Durante a Lava-Jato, o então juiz foi criando sua fama de paladino. Mas seguidamente mostrou-se um magistrado sem neutralidade – e os áudios da Vaza-Jato o mostraram em total sintonia com o lado da acusação. Em tempo: seu trabalho foi fundamental para prender corrutos e frear um dos maiores esquemas de propinas que já surgiram no país, o do Petrolão. Mas o método “os fins justificam os meios” o levou a atropelar o Estado de Direito no afã de condenar os processados. É enorme o número de juristas que condenam este comportamento, dizendo que, com um pouco mais de paciência, todos os culpados seriam despachados de qualquer forma para o xilindró. Moro, assim, teria colocado o carro à frente dos bois e posto em risco a eficácia dos processos no longo prazo. Ou seja: o herói teria usado métodos duvidosos para fazer justiça.

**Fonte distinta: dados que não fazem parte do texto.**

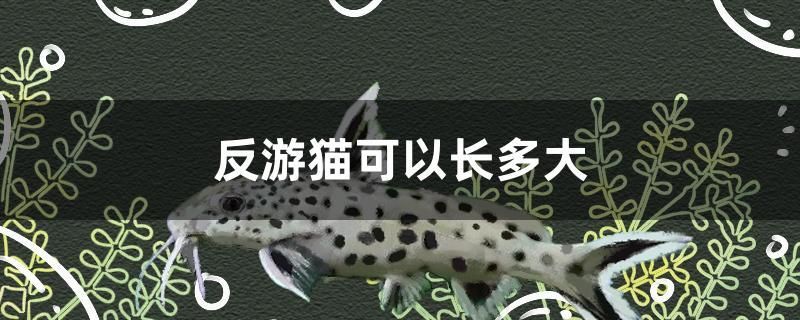 反游貓可以長(zhǎng)多大 廣州觀賞魚魚苗批發(fā)市場(chǎng)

Diante de uma personalidade cheia de nuances, o público pode fazer a leitura que quiser e ver total lógica em suas conclusões. Um exemplo: diante das recentes declarações, é possível concluir que Moro não tem ambições políticas e tentará uma carreira na iniciativa privada; ou que está pavimentando estoicamente o seu caminho para as eleições. Há elementos na narrativa do ex-juiz que corroboram tanto uma versão como outra.
Esse mesmo caráter complexo gera grandes expectativas em relação ao personagem chamado Sergio Moro. Como ele conseguiu colocar um ex-presidente na cadeia e fez o que ninguém havia conseguido antes – botar muitos políticos em cana – espera-se muito de seus atos.
Com o depoimento foi assim. Viu-se a demissão e as acusações contra Bolsonaro como o início de um processo. A entrevista que se seguiu continuaria a construir essa narrativa. O depoimento, entretanto, foi um anticlímax, pois claramente o ex-juiz não foi tão contundente como todos – incluindo o Palácio do Planalto – esperavam.
Com essas contradições, sutilezas e complexidades, a expectativa em relação aos atos de Moro sempre poderá ser maior que a realidade. Mas, até por conta de tudo isso, Moro tem um capital político enorme e que não pode ser desprezado. É verdade que esse cacife irá encolher com os ataques que sofre desde que deixou o Poder. Mas, mesmo depois do episódio envolvendo o depoimento morno, ele não pode ser descartado do cenário político daqui para frente.